The FinCEN report also contains data of state, county, and metropolitan statistical area (MSA) by total number of and per capita filings of MLF SARs. For instance, the report shows that Nevada had the highest number of MLF SARs per capita in 2010, followed by Florida, California, Illinois, and Georgia. The five MSAs with the highest per capita filings of MLF SARs in 2010 were Miami; Las Vegas; San Jose, CA; Riverside, CA; and Los Angeles. The five counties with the highest number of MLF SARs per capita were Miami-Dade, Gwinnett in Georgia, Broward and Orange in Florida, and Nassau in New York.

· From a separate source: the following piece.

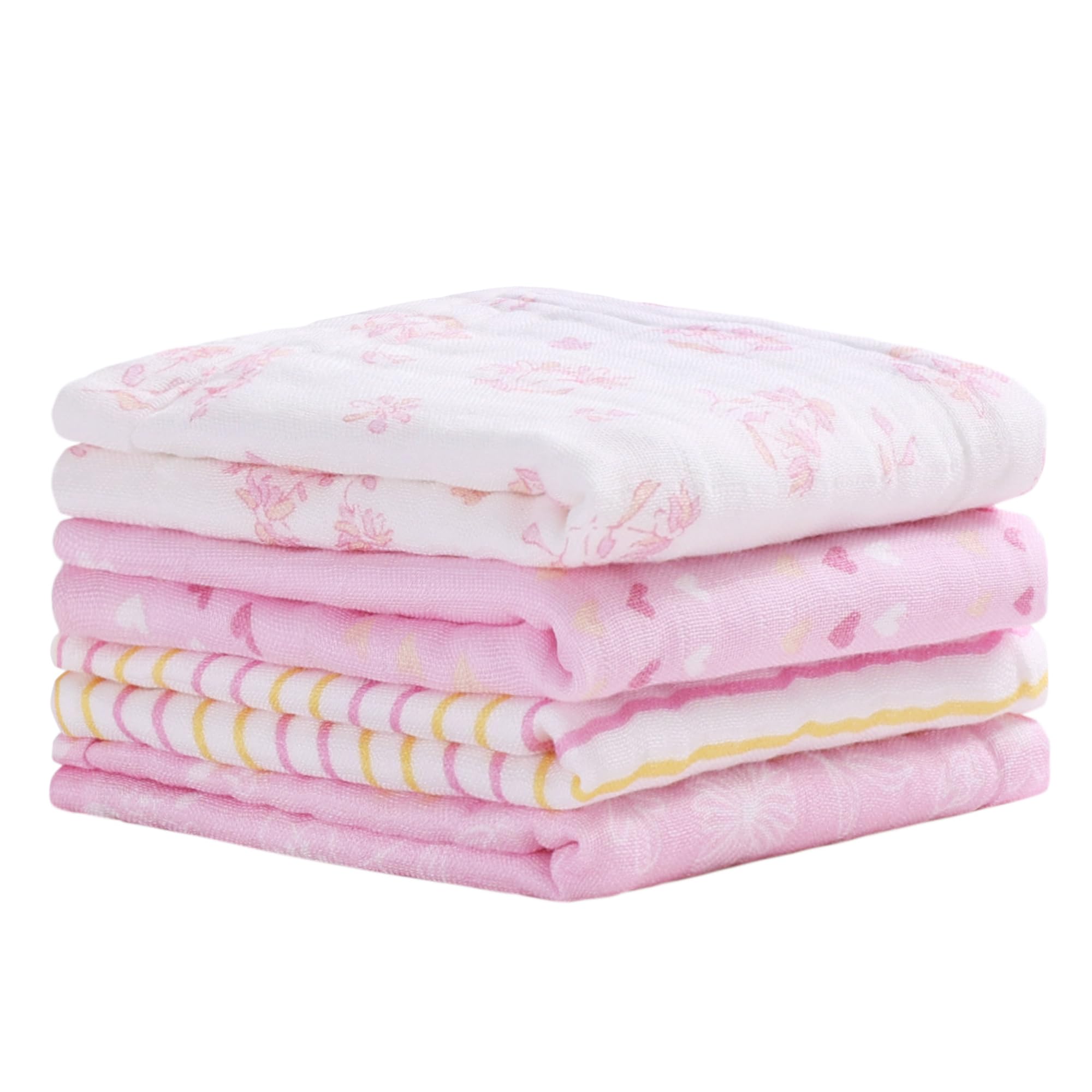 Viviland baby muslin burp cloths folded for quick spill absorption and gentle drying.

FinCEN also reported that all types of SARs filed by depository institutions in 2010 fell 3 percent to 697,389 compared with 720,309 SARs filed by depository institutions in 2009. But, the total number of SARs filed in 2010 by all types of financial institutions covered by the Bank Secrecy Act grew nearly 4 percent to 1.3 million SARs up from 1.9 million filed in 2009.

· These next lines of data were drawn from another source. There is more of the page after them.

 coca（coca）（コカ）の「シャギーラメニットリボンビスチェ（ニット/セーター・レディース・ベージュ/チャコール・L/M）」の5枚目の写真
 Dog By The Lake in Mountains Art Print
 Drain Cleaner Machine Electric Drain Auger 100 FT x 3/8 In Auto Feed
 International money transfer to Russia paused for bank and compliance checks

Note to reporters: Beginning with this mortgage fraud report, FinCEN has added new features that provide additional data and explanation of MLF SARs. Among the new features include:
* More concise MLF SARs information on all 50 states and the District of Columbia provided by links to spreadsheets.
* An expanded metadata section containing reference information on the derivation and uses of this data.
* Historical quarterly data going back through 2006 for almost 600 metropolitan statistical areas and approximately 960 counties in addition to the states data.
* Trend analysis enabled by linking to electronic spread-sheets and to historical data.
* Ability to drill down to the county or city level revealing more concise information.
* Maps: Calendar year 2010 SAR data provides a new perspective on year-over-year changes enabling more illustrative comparisons with prior years’ data.
“FinCEN remains active with law enforcement and other partner agencies to provide lead information and to identify and combat potential abuses in the mortgage market,” said FinCEN Director James H. Freis, Jr. “As a member of the President’s Financial Fraud Enforcement Task Force, FinCEN is coordinating with the United States Trustee Program (USTP) and the Federal Bureau of Investigation (FBI) to identify potential mortgage loan fraud in a number of areas including identifying potential abuse of the bankruptcy system to facilitate mortgage fraud.”